Décédé en 1994, Jérôme Lejeune, dont la cause de béatification et de canonisation a été ouverte en juin 2007, n’a eu de cesse de s’engager pour la vie. Son action se poursuit aujourd’hui avec la Fondation Jérôme Lejeune, créée et reconnue d’utilité publique en 1996. Financée pour l’essentiel par les dons des particuliers, la Fondation a trois missions : chercher, soigner et défendre.

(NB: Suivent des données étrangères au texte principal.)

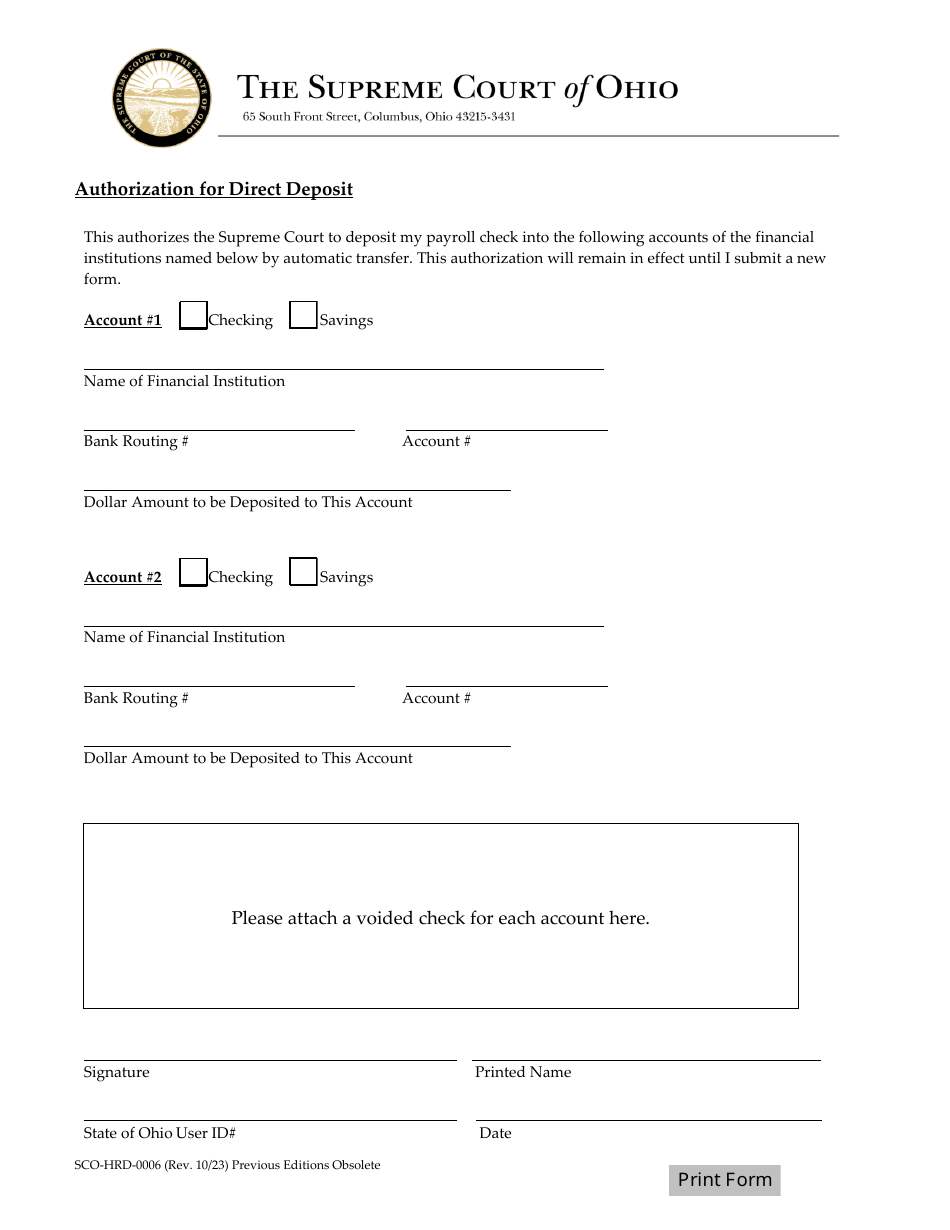 Form SCO-HRD-0006 Authorization for Direct Deposit - Ohio, Page 1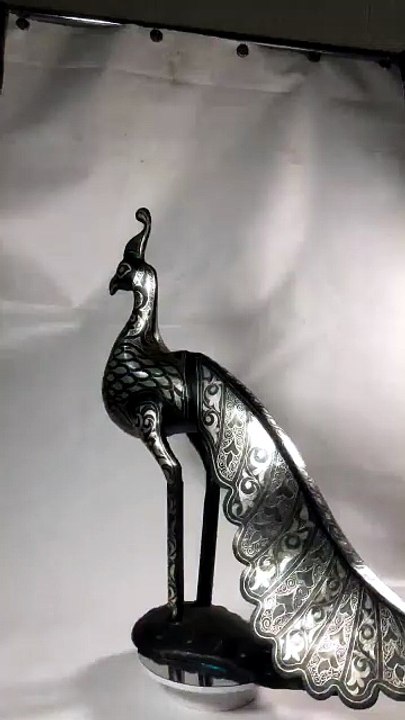 Handmade Silver Damascene Bird Statue – Luxury Artisan Home Decor – Large Peacock Art - One of a Kind Moroccan Metal Peacock Sculpture4
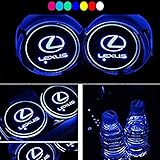 Lntly LED Car Logo Cup Holder Pad Waterproof Bottle Drinks Coaster Built-in Light 7 Colors Changing USB Charging Mat LED Cup Mat Car Atmosphere Lamp 2PCS (Lexus)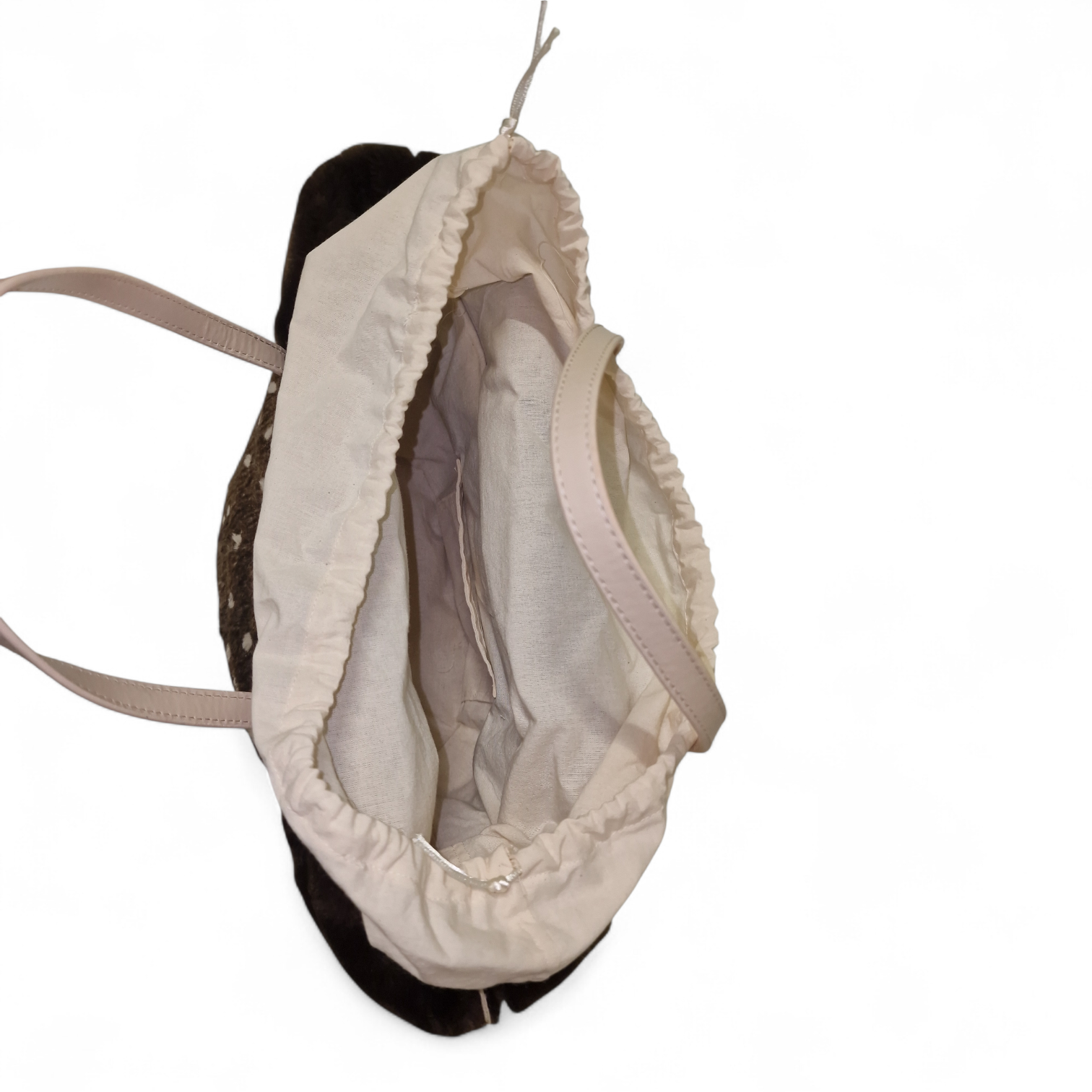 interno della bortsa terra viva fatto di cotone grezzo naturale e tasca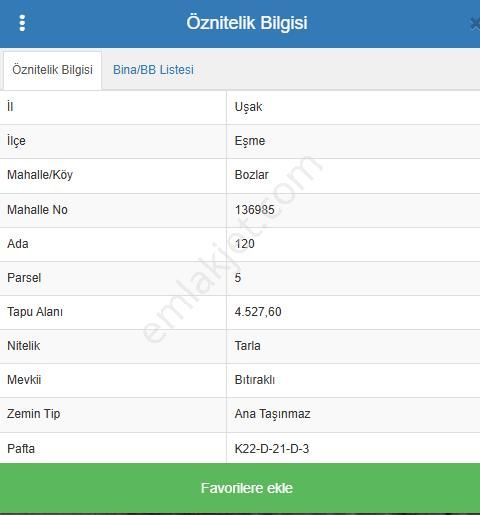 Uşak Eşme Bozlar Köyü’nde 4527 M² Tarla Satılıktır - Görsel 5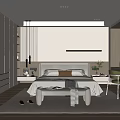 Modern Minimalist Bedroom Interior Design With White Wardrobes Grey Headboard And Green Chair
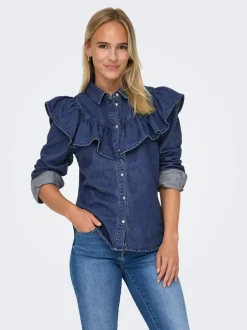 Hot ONLINDIGO Denim-skjorte Dame Skjorter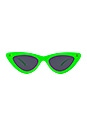 view 1 of 3 LUNETTES DE SOLEIL X ADAM SELMAN THE LAST LOLITA in Neon Lime & Smoke Mono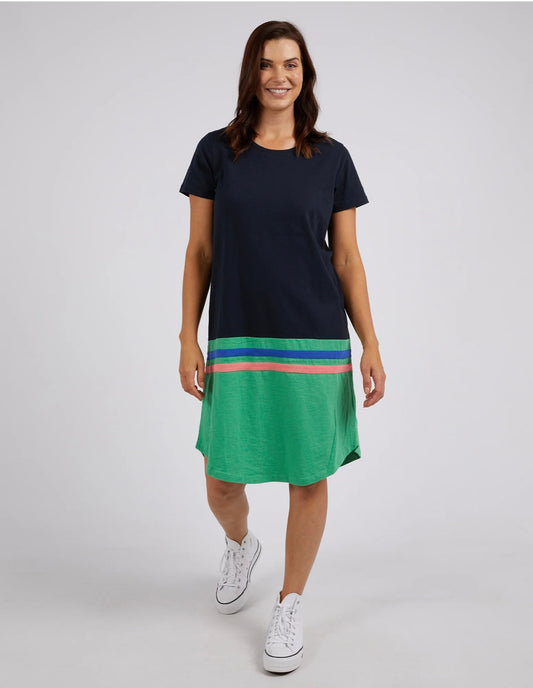 Rhea Tee Dress | Navy & Green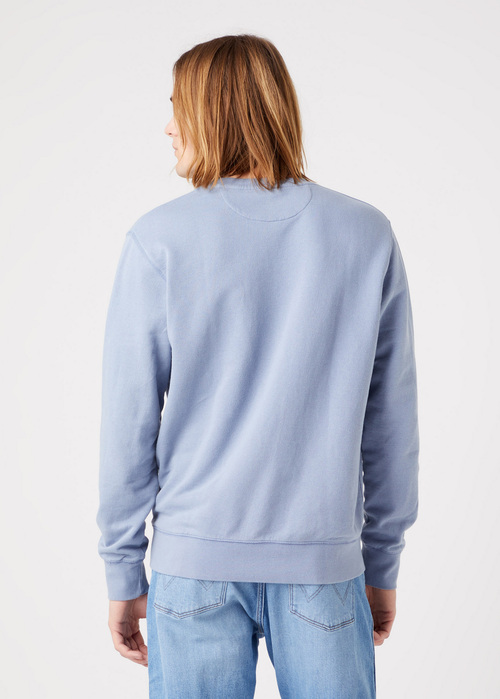 Mska Bluza Wrangler Graphic Crew Stone Wash Blue - W6D8HAX4Q
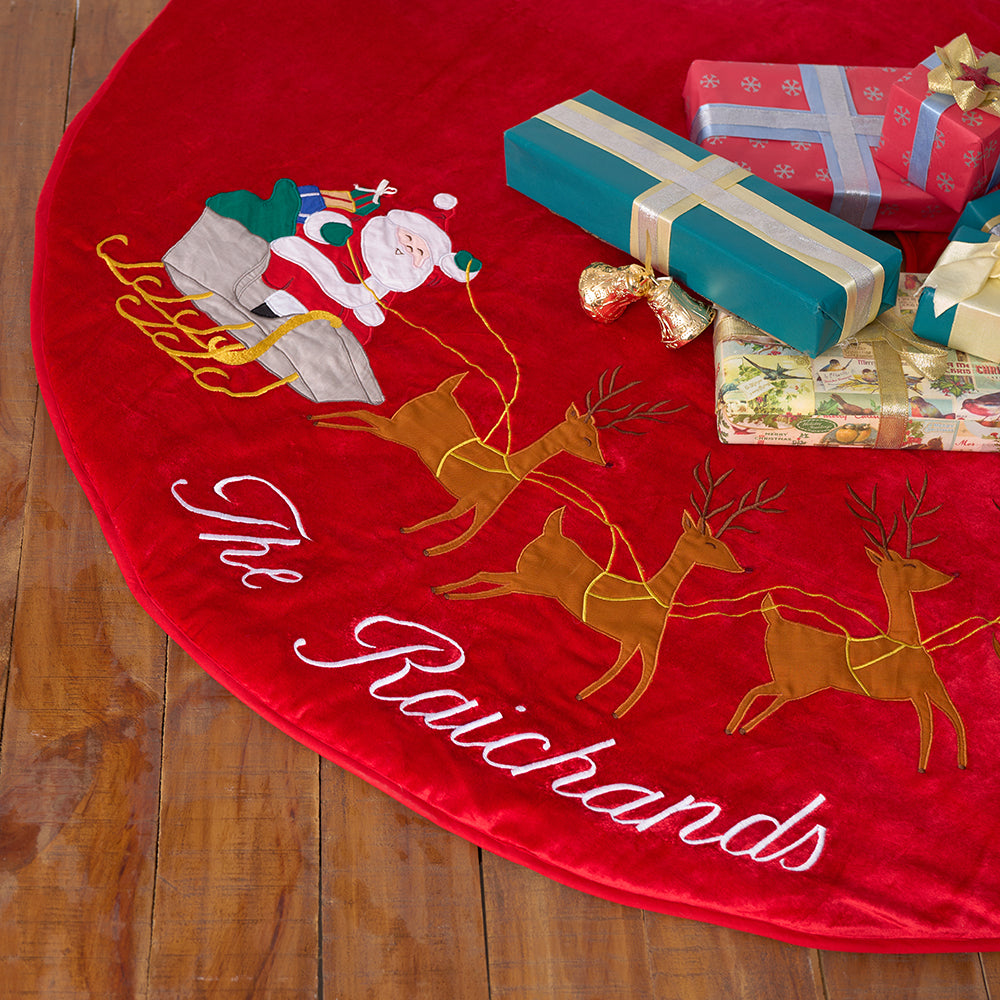 Personalised-Santa In Seigh Tree Skirt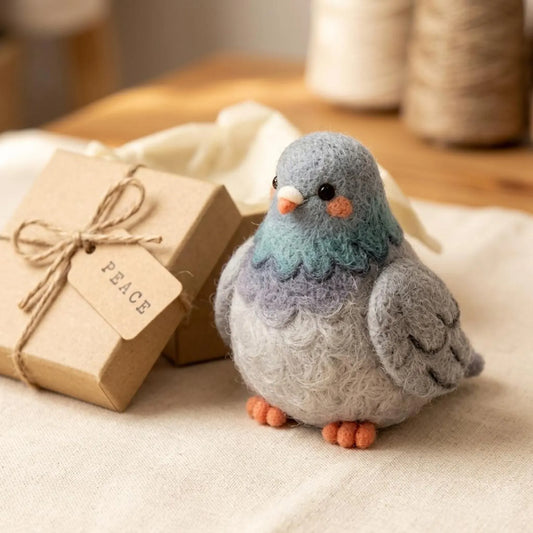 Handcrafted Felt Pigeon Bird – 5 Inch Cute Wool Felt Bird Ornament for Home Décor & Gifting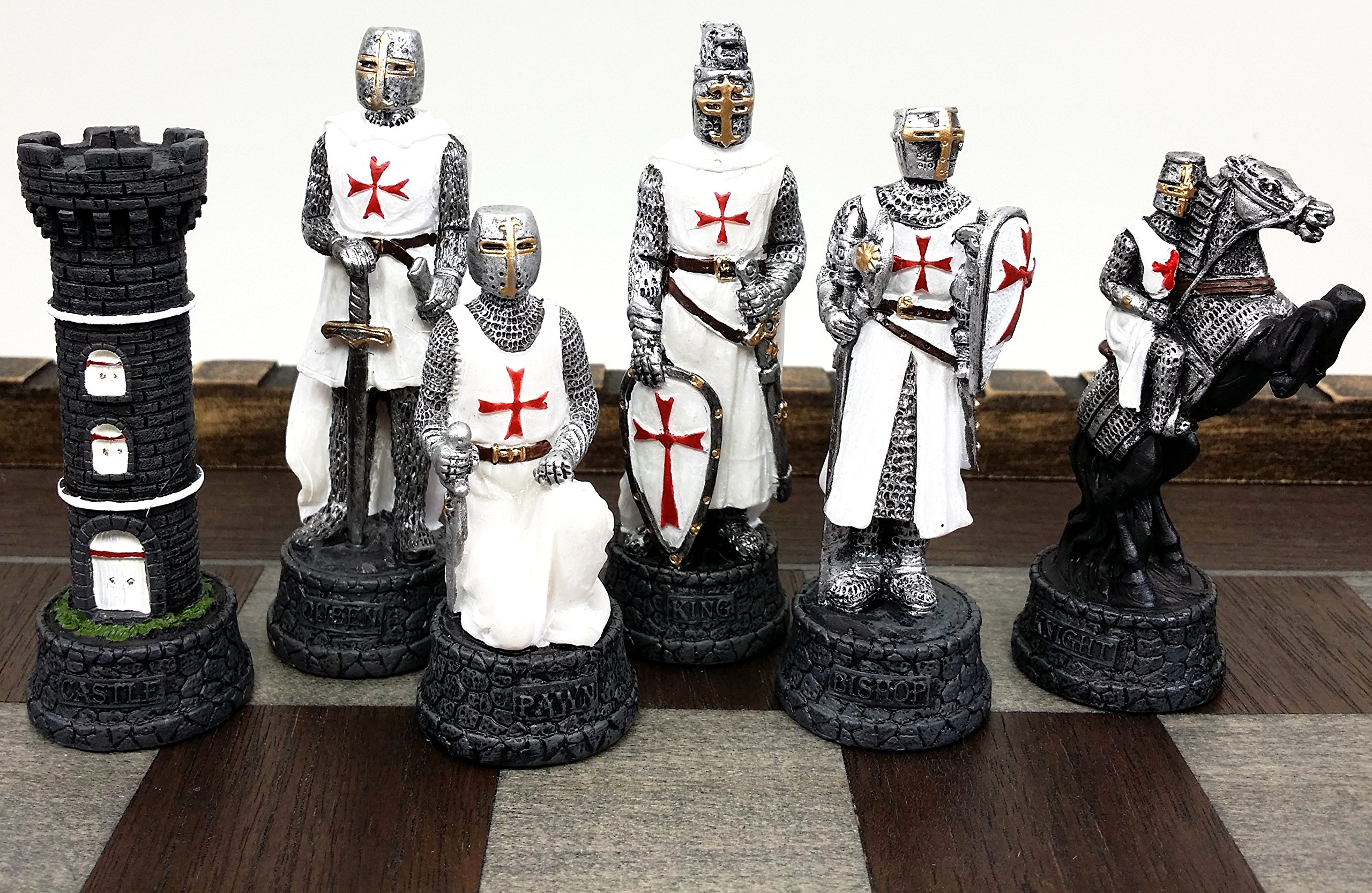Hand-Painted Medieval Crusades Warrior Chess Set - White & Blue Pieces with 17.5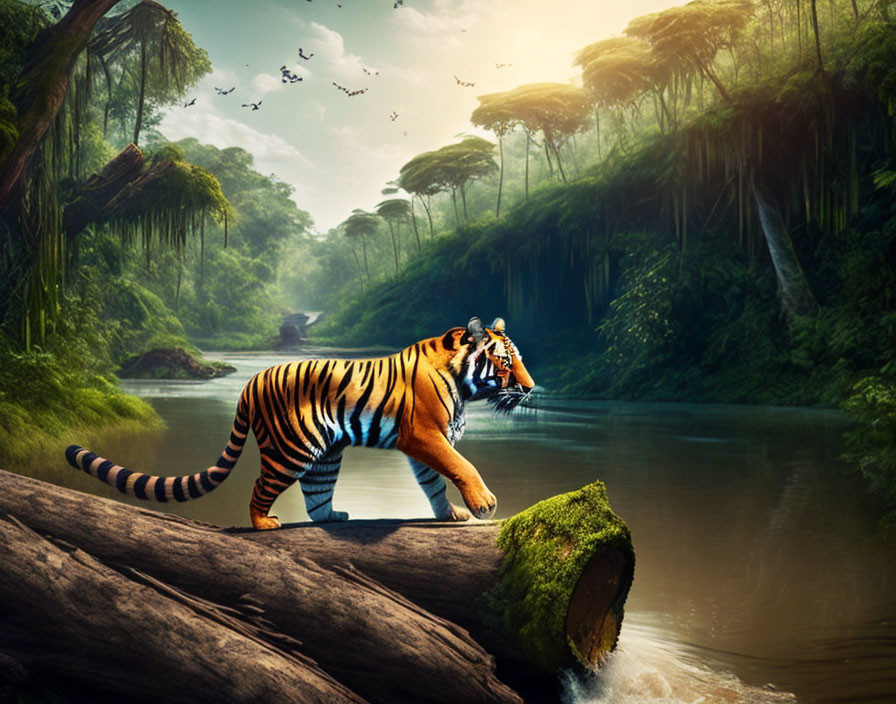 Tiger crossing log in lush jungle with river and waterfalls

Pour répondre à sa mission de recherche, « l’Institut Jérôme Lejeune gère un centre de ressources biologiques et conduit, en tant que promoteur ou centre investigateur, de nombreux projets de recherche afin de comprendre les causes de la déficience intellectuelle et les maladies associées, chercher des traitements pour corriger la déficience intellectuelle, accroître l’autonomie et améliorer la qualité de vie », indique la Fondation. Sa deuxième mission, soigner, passe par une équipe pluridisciplinaire — composée de médecins et de professionnels paramédicaux spécialisés — et offre un suivi médical global et personnalisé, tout au long de la vie, à plus de 10.000 patients venant de toute de la France et même de l’étranger ».

« La médecine folle »

Sa dernière mission, la défense de la vie, revêt un caractère tout particulier alors que le gouvernement doit présenter son projet de révision des lois de bioéthique dans quelques mois. « Parce que la période prénatale est devenue l’une des plus dangereuse au cours de la vie, la Fondation Jérôme Lejeune informe, forme, sensibilise et alerte notre société sur la dignité de la vie, sa valeur et les enjeux qu’elle comporte pour l’avenir humain », précise l’institution. Mgr Aupetit a ainsi rappelé, à ce sujet, que Jérôme Lejeune « aimait à dire que la médecine devient folle si elle s’attaque au patient au lieu de lutter contre la maladie, et à rappeler que si la technologie est cumulative, la sagesse ne l’est pas ». Autant de missions qui nécessitent un soutien sans faille de ceux qui partagent cette vision de la médecine et de la vie.